Title:
Workability and Mechanical Properties of Heavyweight Magnetite Concrete
Author(s):
Keun-Hyeok Yang, Jae-Sung Mun, and Ho Lee
Publication:
Materials Journal
Volume:
111
Issue:
3
Appears on pages(s):
273-282
Keywords:
code equations; concrete density; heavyweight concrete; magnetite; mechanical properties
DOI:
10.14359/51686570
Date:
5/1/2014
Abstract:
To provide basic data for developing mixing details and design models for structural heavyweight magnetite concrete, 18 concrete mixtures were prepared under different replacement levels with natural sand and granite coarse particles for magnetite fine and coarse aggregates, respectively. The density of concrete ranged between 3182 and 3400 kg/m3 (197.28 and 210.8 lb/ft3) for replacement by natural sand, and 2446 and 3118 kg/m3 (151.65 and 193.31 lb/ft3) for replacement by granite coarse particles.
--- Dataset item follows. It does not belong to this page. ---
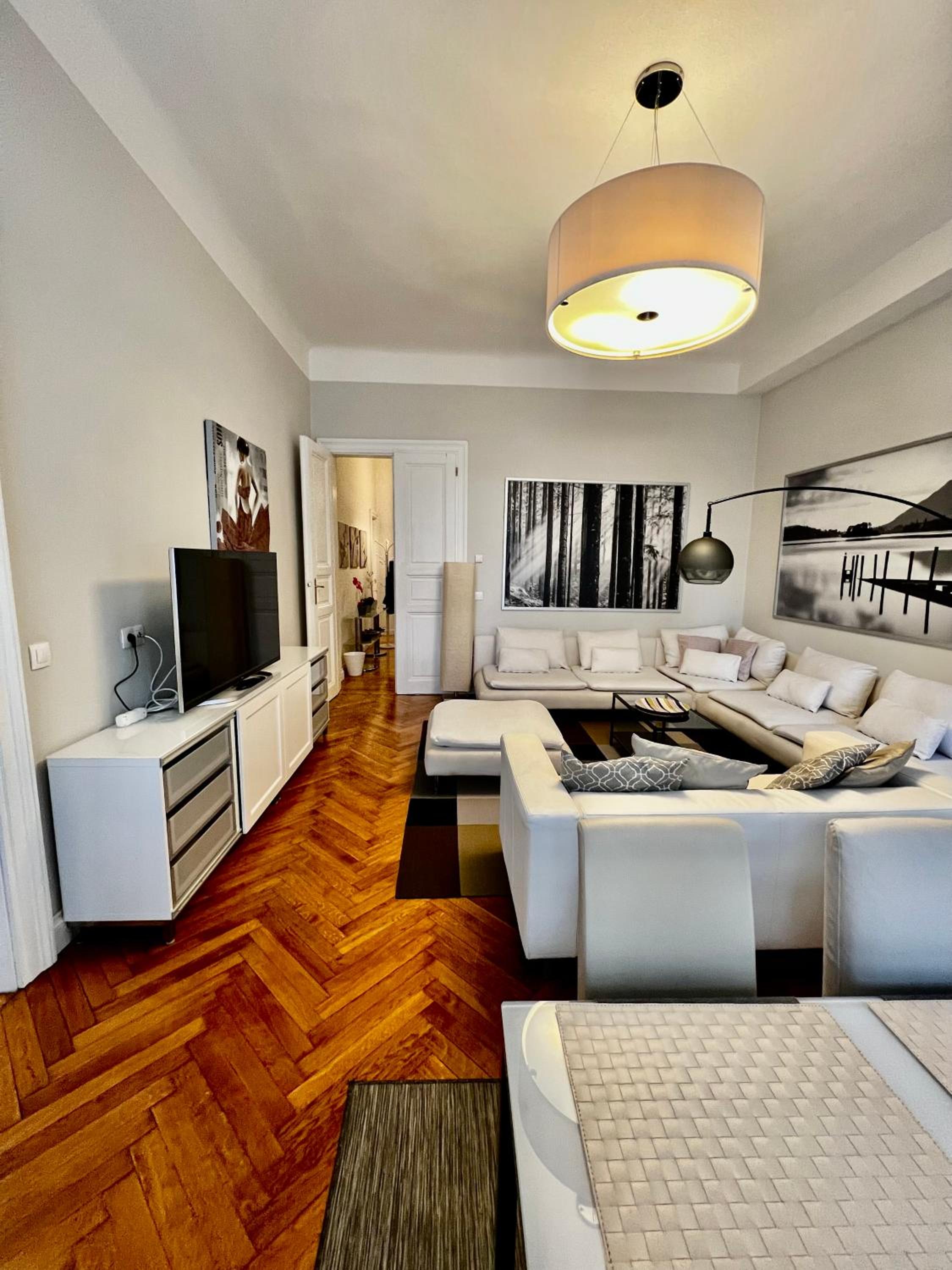 DOMIRA Four Reasons apartment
Test results revealed that the replacement by natural sand was preferable to that by granite coarse particles for enhancing the initial slump, tensile resistance capacity, shear strength and bond behavior with a reinforcing bar of heavyweight magnetite concrete, and for minimizing the decrease in concrete density due to replacement by normalweight aggregates. ACI 349 equations for moduli of elasticity and rupture were generally conservative for heavyweight magnetite concrete. The CEB-FIP equations were not conservative for the moduli of elasticity and rupture, strain at the peak stress, and splitting tensile strength of heavyweight magnetite concrete, whereas they were conservative in predicting the bond stress-slip response of heavyweight magnetite concrete. Overall, it can be concluded that the density of concrete should be considered as a critical factor, together with its compressive strength, in determining the various mechanical properties of heavyweight concrete.